[WORK REQUEST]: From the line with "quần jeans ống loe xẻ" to the line with "Commercial gym interior", retype every line exactly, including those two, and leave out the rest of the data below.

(Stored entries)
-- Opening Marker --

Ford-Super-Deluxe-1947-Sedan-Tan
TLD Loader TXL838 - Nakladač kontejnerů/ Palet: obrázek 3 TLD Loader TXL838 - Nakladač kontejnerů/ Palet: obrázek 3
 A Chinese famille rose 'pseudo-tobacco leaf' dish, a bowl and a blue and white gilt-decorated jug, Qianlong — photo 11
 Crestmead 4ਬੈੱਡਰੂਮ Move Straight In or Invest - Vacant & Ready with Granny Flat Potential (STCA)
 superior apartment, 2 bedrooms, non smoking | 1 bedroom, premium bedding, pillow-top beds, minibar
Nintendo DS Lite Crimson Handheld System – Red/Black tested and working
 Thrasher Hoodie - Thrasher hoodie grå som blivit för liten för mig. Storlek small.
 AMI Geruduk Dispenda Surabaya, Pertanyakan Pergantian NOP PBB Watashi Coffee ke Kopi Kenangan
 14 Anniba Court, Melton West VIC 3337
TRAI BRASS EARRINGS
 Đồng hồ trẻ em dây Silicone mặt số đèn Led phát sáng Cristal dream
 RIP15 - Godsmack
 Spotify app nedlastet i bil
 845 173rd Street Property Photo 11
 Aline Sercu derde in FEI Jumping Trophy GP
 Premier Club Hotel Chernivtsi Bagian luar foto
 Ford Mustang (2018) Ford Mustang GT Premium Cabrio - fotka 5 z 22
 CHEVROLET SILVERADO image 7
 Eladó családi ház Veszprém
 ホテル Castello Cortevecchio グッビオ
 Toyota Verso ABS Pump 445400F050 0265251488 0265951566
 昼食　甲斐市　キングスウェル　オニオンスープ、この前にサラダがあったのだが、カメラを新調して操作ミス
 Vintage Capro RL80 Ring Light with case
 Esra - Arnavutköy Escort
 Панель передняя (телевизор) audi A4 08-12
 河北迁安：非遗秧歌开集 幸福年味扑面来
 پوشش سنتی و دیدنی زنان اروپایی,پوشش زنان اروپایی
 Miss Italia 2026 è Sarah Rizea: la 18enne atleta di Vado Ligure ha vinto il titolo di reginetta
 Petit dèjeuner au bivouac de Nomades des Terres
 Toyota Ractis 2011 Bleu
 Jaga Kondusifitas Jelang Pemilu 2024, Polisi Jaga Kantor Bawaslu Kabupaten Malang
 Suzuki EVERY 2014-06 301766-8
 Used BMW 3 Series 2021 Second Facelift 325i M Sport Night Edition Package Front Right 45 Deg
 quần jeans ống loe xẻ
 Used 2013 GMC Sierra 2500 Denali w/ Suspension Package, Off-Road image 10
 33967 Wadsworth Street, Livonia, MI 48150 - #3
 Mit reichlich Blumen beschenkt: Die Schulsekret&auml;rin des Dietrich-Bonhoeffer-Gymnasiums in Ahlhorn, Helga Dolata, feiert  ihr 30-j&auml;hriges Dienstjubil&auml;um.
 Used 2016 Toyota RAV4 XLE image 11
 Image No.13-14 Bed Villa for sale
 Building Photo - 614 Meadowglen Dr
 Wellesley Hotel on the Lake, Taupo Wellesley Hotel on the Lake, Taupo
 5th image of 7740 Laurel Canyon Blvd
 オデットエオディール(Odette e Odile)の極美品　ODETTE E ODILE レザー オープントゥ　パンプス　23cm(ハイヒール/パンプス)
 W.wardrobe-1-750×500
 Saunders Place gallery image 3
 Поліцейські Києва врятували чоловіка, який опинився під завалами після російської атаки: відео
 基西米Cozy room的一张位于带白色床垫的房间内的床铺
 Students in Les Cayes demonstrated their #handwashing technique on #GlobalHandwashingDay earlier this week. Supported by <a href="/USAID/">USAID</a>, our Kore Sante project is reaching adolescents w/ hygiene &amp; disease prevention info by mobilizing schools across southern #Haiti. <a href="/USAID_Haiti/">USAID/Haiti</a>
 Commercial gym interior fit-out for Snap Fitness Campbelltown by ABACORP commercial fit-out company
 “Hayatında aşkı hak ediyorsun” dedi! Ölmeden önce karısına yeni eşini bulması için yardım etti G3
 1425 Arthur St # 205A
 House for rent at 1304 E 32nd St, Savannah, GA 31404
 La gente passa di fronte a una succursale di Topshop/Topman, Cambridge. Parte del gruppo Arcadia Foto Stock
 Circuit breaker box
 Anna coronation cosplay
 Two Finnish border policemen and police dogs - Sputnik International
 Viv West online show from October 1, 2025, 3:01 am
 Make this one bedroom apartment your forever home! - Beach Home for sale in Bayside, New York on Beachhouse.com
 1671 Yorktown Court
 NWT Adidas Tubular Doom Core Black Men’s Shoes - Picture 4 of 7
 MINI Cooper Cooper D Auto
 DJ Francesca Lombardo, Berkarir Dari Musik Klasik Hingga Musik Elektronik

-- Closing Marker --

[SOLUTION BELOW]:
 quần jeans ống loe xẻ
 Used 2013 GMC Sierra 2500 Denali w/ Suspension Package, Off-Road image 10
 33967 Wadsworth Street, Livonia, MI 48150 - #3
 Mit reichlich Blumen beschenkt: Die Schulsekret&auml;rin des Dietrich-Bonhoeffer-Gymnasiums in Ahlhorn, Helga Dolata, feiert  ihr 30-j&auml;hriges Dienstjubil&auml;um.
 Used 2016 Toyota RAV4 XLE image 11
 Image No.13-14 Bed Villa for sale
 Building Photo - 614 Meadowglen Dr
 Wellesley Hotel on the Lake, Taupo Wellesley Hotel on the Lake, Taupo
 5th image of 7740 Laurel Canyon Blvd
 オデットエオディール(Odette e Odile)の極美品　ODETTE E ODILE レザー オープントゥ　パンプス　23cm(ハイヒール/パンプス)
 W.wardrobe-1-750×500
 Saunders Place gallery image 3
 Поліцейські Києва врятували чоловіка, який опинився під завалами після російської атаки: відео
 基西米Cozy room的一张位于带白色床垫的房间内的床铺
 Students in Les Cayes demonstrated their #handwashing technique on #GlobalHandwashingDay earlier this week. Supported by <a href="/USAID/">USAID</a>, our Kore Sante project is reaching adolescents w/ hygiene &amp; disease prevention info by mobilizing schools across southern #Haiti. <a href="/USAID_Haiti/">USAID/Haiti</a>
 Commercial gym interior fit-out for Snap Fitness Campbelltown by ABACORP commercial fit-out company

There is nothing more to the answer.